> _Problem to work on_
Only the stretch below from the line holding "Fototapeta premium Golden" through the line holding "Golden French Horn Musical Instrument" should be restated, word for word and with both ends included; pictures stay out.

[Opening The records section]

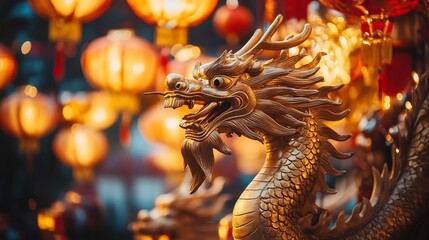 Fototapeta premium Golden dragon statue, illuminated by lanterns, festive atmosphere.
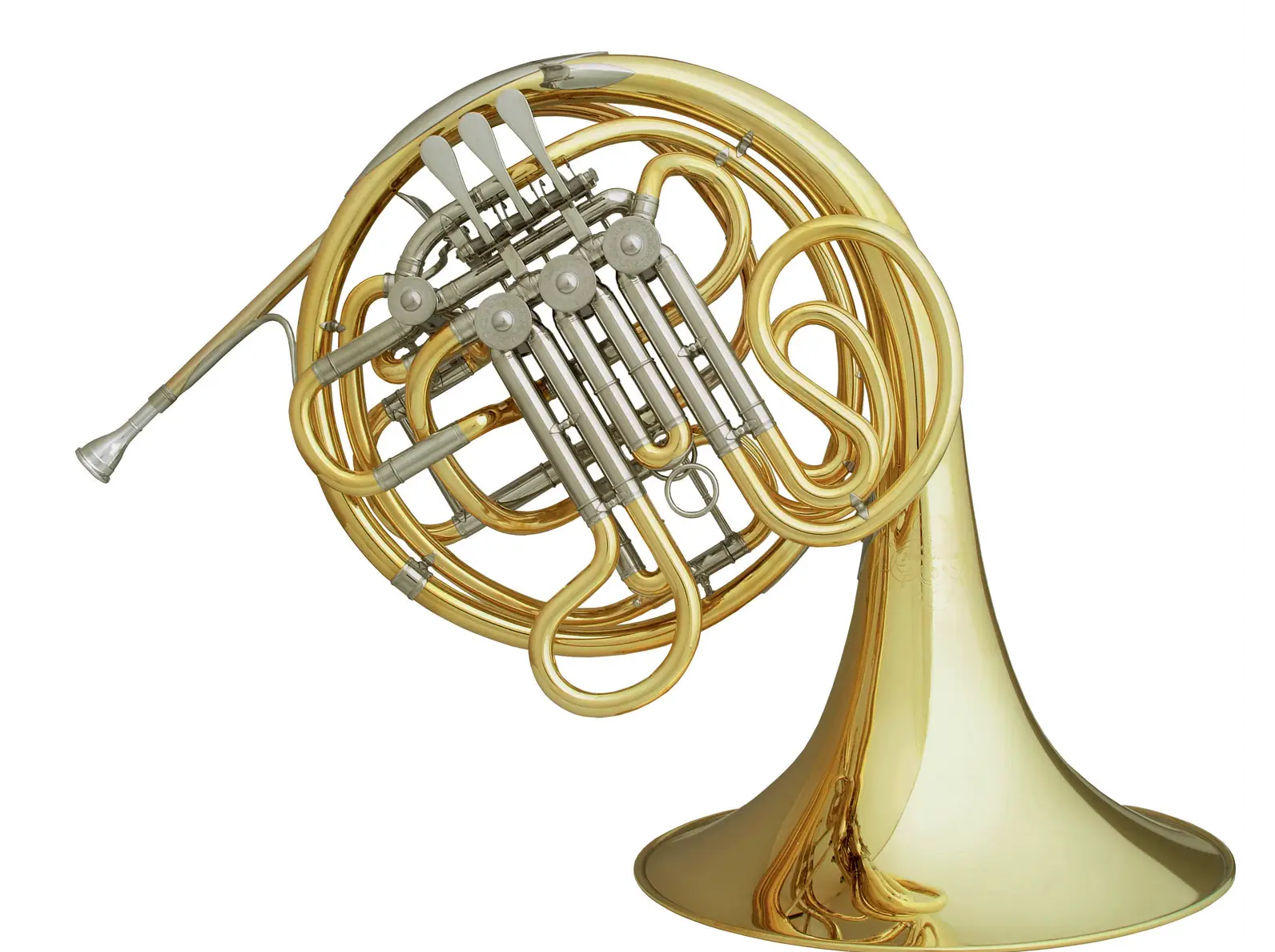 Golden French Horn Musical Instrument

[Closing The records section]
[Opening The records section]

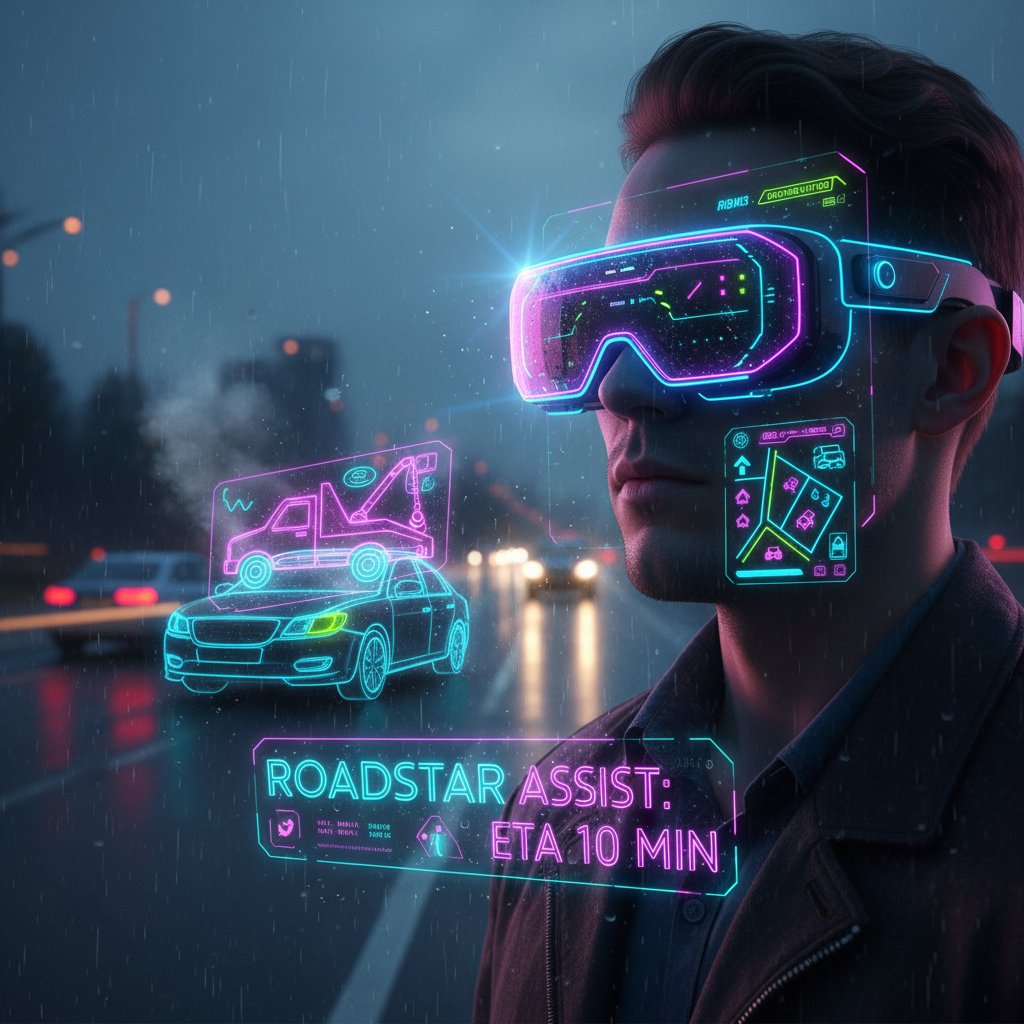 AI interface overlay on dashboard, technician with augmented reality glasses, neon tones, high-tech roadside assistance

[Closing The records section]
[Opening The records section]

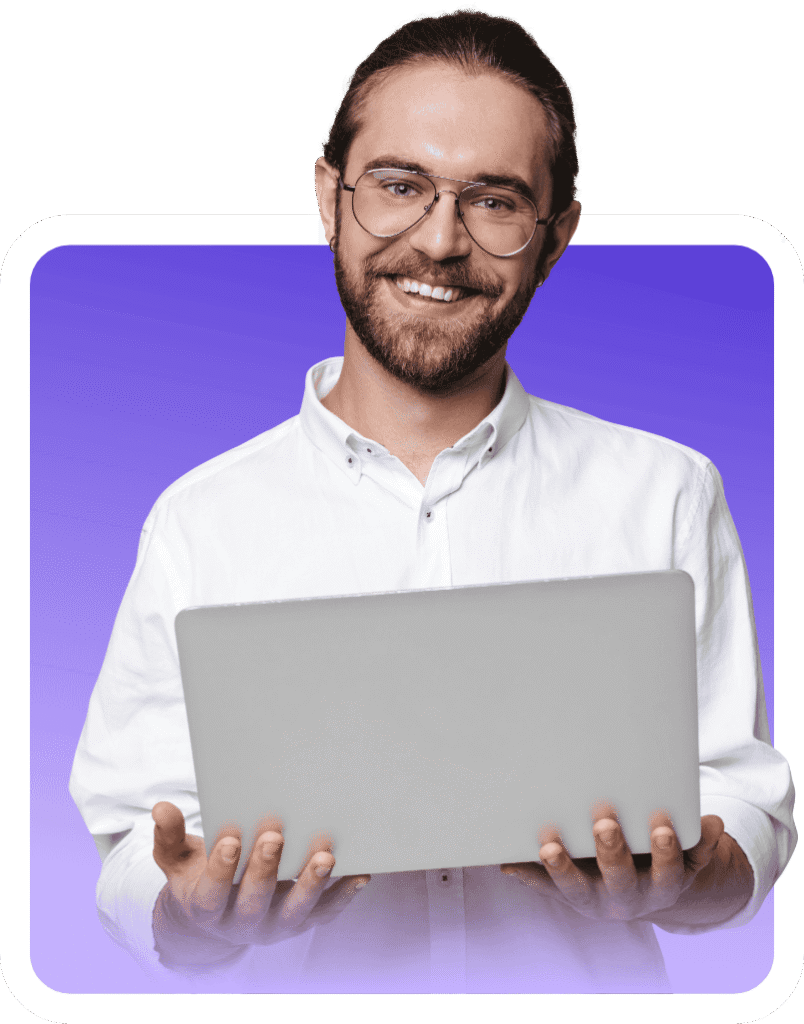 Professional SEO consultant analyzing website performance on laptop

[Closing The records section]

> _Expected answer_
 Fototapeta premium Golden dragon statue, illuminated by lanterns, festive atmosphere.
 Golden French Horn Musical Instrument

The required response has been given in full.